### Dataset excerpt
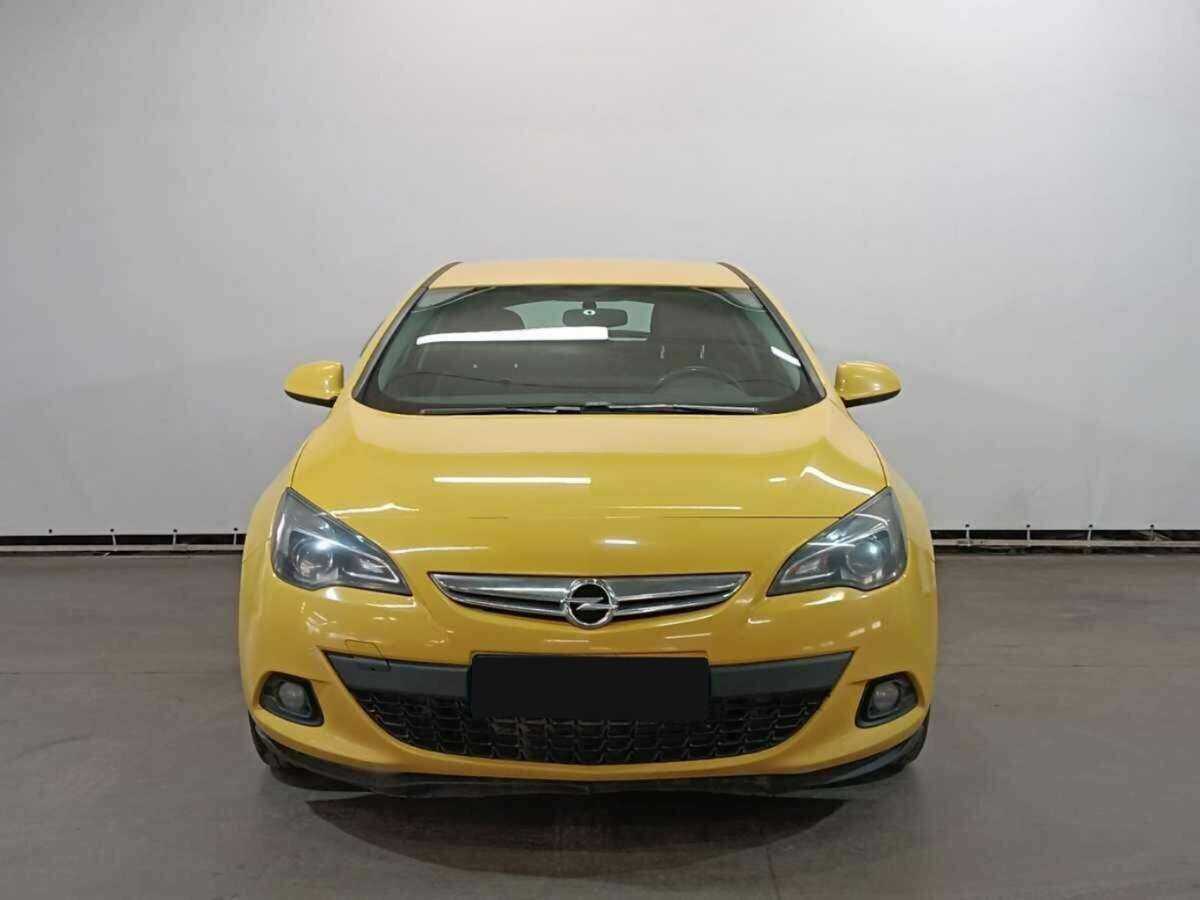 Opel Astra б/у, 2013, Механическая. Фото: #1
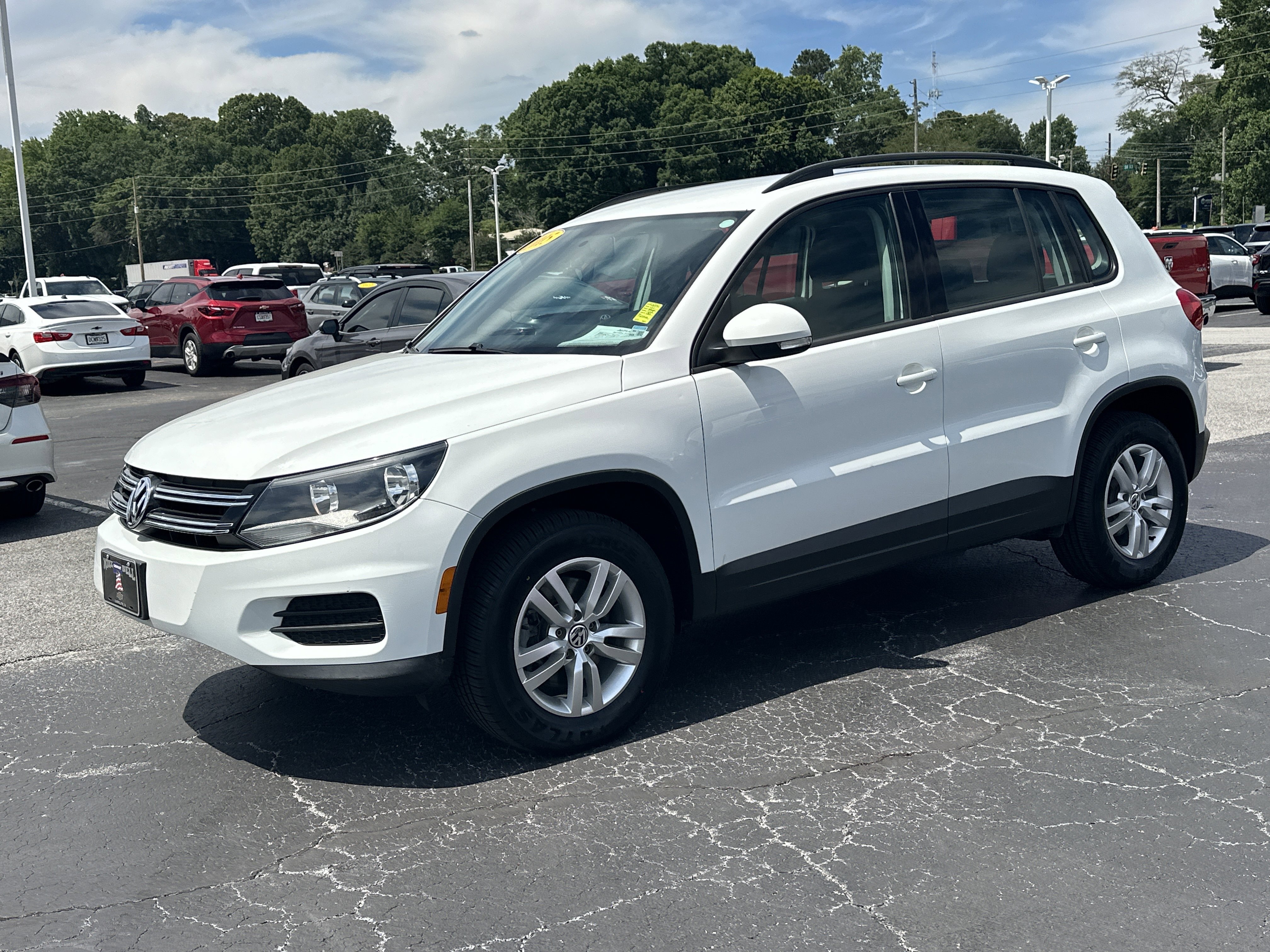 Used 2015 Volkswagen Tiguan SE FWD image 3
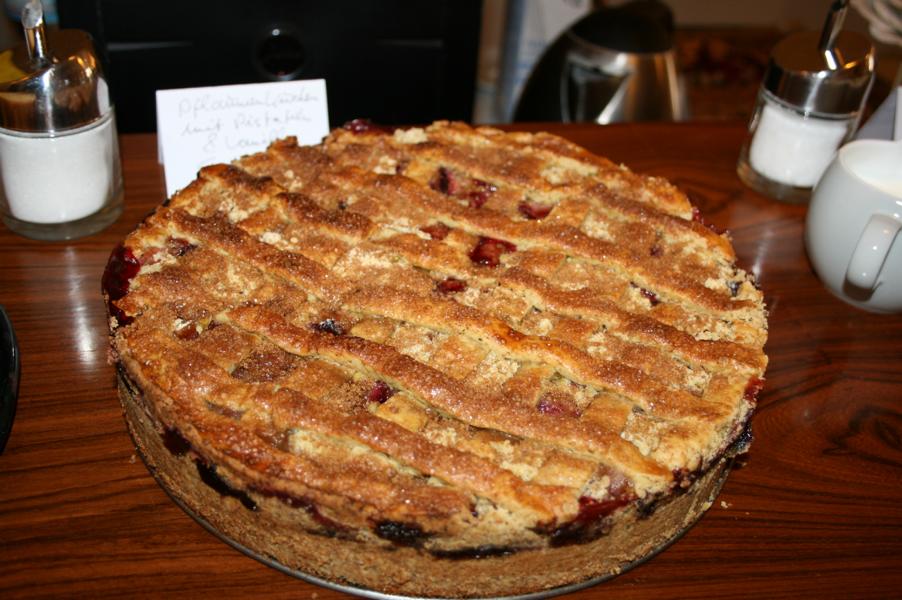 Der Siegerkuchen: Pflaumenkuchen mit Pistazien und Vanille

### What you need to do
Write the data above out again exactly, every line of it, and exclude the pictures.

### Solution to the exercise
 Opel Astra б/у, 2013, Механическая. Фото: #1
 Used 2015 Volkswagen Tiguan SE FWD image 3
 Der Siegerkuchen: Pflaumenkuchen mit Pistazien und Vanille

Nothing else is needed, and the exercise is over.